The formula established by 48 Hrs., usually referred to as the "buddy cop" movie, would go on to become one of the most popular and successful templates in commercial cinema in the 1980s. But viewed today, 48 Hrs. stands out from most of the films it influenced.
That's because Walter Hill, at that point, was in the middle of an incredible run of genre films, beginning with Hard Times in 1975 and continuing through The Driver, The Warriors, Southern Comfort and, in 1981, The Long Riders. Each of those films is the work of a brilliant action craftsman; they are all accessible yet a little arty too, with some abstraction, a witty understanding of genre conventions, and an inventive, exciting, even poetic approach to shooting violence.
48 Hrs. is more obviously commercial, and yet Hill's sensibility elevates it, gives it a grit and a darkness which make it feel more adult than most films of its type.
The plot unites ragged mess of a San Francisco Cop Jack Gates (Nick Nolte) with convict Reggie Hammond (Eddie Murphy) after an escaped convict (James Remar) and his partner (Sonny Landham) kill a couple of detectives. Hammond and Gates bicker, brawl and develop a wary, grudging respect for one another against a vivid San Francisco backdrop, while they violently hassle cowboys in a country bar, bully the girlfriends of the criminals they seek, stakeout a long-stay garage and drive Gates' enormous sky blue Cadillac all over the city.
As always Hill exhibits a great eye - some of the compositions and lighting during the final shootout in a misty Chinatown are fabulous - and his action scenes are thunderous and reliably visceral.

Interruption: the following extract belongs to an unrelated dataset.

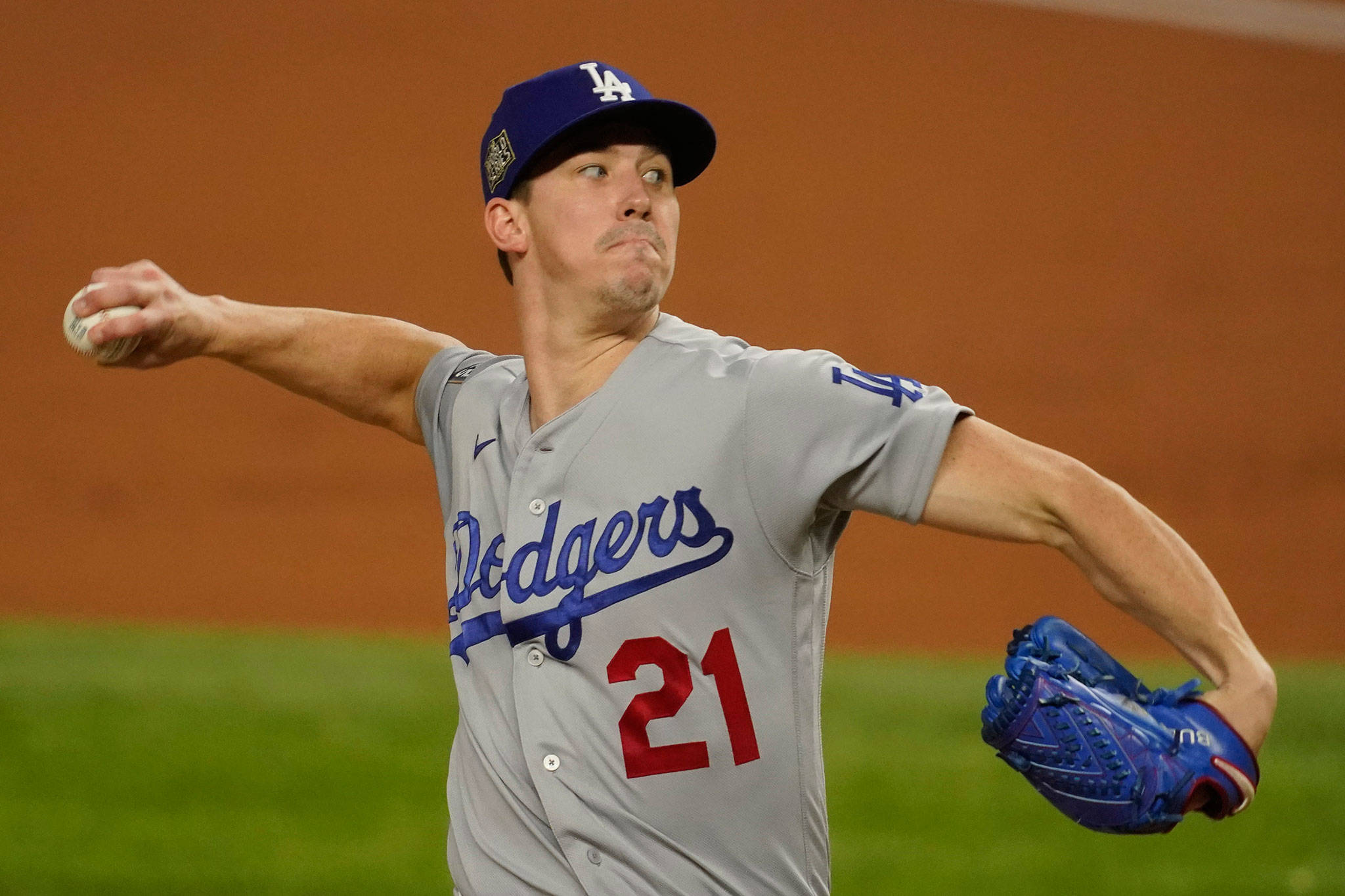 Dodgers starting pitcher Walker Buehler throws against the Rays during the first inning of Game 3 of the World Series on Oct. 23, 2020, in Arlington, Texas. (AP Photo/Tony Gutierrez)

But the script - co-written by Hill, Larry Gross and action specialists Steven De Souza and Jeb Stuart - is also surprisingly smart and frank. The characters are a mix of utterly archetypal and realistically complex. The villains are cartoonish bad men, set on murder and mayhem, and Nolte's Police Chief yells at him in his every appearance. Women are given short shrift too. The lovely Annette O'Toole plays Gates' girlfriend, and though their relationship is founded on a believable dynamic based on tension over commitment and her resentment about working in a bar, that translates as her mainly arguing with him. While every role of note is filled with a high-quality supporting player, its the leads that have to carry the film, and these two are more than capable. Nolte plays it dead straight, making Jack a shambling mess, all impulse-control issues and gratuitous swearing (some of the racist abuse he tosses at Hammond is shocking). In fact, Jack is a bit of an asshole, which makes his interaction with the annoying Hammond all the more entertaining. Hammond was a prototypical Murphy role - all attitude, fast-chatter and grinning charm, he is ever-likeable and funny too.
That doesn't mean the film is a comedy - though it often throws up laughs in the scenes where Reggie and Jack bicker. Generally it is extremely tough and dark. Gates and Hammond fight hatefully, nobody ever cooperates with the police, violence is always close. But all that just makes its noirish world more convincing and interesting as a venue for this ind of story.